Relations Between Fisher Body and General Motors

Topics: Anatomy

The initial relationship between Fisher Body, a producer of auto bodies, and General Motors was a long-term contract of ten years. Such contract agreed that GM would only purchase its metal bodies from Fisher body with a price formula set to equal Fisher Body’s variable cost plus 17. 6 percent. (Klein 1998: 241) One would then ask why this was necessary since it restricted GM from being able to switch to other partners and use the market as its efficient government structure?

The answer lies on specific investments.

In order to produce metal bodies for GM, Fisher Body had to invest in very specific pieces of equipment that meant they could not have been able to use the same stamping machine to supply other automobile manufacturer.

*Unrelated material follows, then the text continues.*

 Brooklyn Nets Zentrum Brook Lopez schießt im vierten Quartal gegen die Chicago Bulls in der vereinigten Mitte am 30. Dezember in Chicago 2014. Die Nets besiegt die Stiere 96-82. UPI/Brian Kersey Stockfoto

Once Fisher Body had made its specific investments, General Motors could have threatened Fisher Body in switching suppliers of its bodies unless they reduced its prices.

Fearing this hold-up problem was the attempt to draw up a contract before any such investments were to be made so to reduce both parties from behaving opportunistically.

However according to Masten (1996: 388), ‘as transactions become more complex and the environment more uncertain, the limitations of contracting as a safeguard against opportunism grow. ‘ An unforeseen substantial increase in demand for closed metal automobiles in 1920 allowed Fisher Body to hold up General Motors by taking advantage of the contractual incompleteness (Klein 1998: 241).

By adopting a highly labour-intensive production-process and locating their plant far away from General Motors’ production facilities, Fisher Body was able to inflate its variable costs and placed a ’17.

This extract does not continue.